**ASSIGNMENT:**
Restate word for word the entries below, starting with the line with "An ocean beach" and continuing through the line with "a view of a". Include both of those lines and no others.

========================================

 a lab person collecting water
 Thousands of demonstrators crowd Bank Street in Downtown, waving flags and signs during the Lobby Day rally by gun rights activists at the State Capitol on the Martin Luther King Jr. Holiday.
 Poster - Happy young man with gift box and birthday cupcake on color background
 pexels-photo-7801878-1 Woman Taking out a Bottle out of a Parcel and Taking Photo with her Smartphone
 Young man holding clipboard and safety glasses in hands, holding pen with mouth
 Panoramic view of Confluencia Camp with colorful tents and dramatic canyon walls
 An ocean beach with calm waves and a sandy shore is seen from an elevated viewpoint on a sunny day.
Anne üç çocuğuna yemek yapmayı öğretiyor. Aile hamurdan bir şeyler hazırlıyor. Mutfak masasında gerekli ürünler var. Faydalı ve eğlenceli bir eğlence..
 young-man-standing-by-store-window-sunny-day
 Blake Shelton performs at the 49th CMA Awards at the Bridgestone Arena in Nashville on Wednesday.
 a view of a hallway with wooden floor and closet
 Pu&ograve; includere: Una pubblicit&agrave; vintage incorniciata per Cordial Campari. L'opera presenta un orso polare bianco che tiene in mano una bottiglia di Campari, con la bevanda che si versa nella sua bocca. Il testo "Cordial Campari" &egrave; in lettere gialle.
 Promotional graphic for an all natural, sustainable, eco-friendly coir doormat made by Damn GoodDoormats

========================================

**ANSWER:**
 An ocean beach with calm waves and a sandy shore is seen from an elevated viewpoint on a sunny day.
Anne üç çocuğuna yemek yapmayı öğretiyor. Aile hamurdan bir şeyler hazırlıyor. Mutfak masasında gerekli ürünler var. Faydalı ve eğlenceli bir eğlence..
 young-man-standing-by-store-window-sunny-day
 Blake Shelton performs at the 49th CMA Awards at the Bridgestone Arena in Nashville on Wednesday.
 a view of a hallway with wooden floor and closet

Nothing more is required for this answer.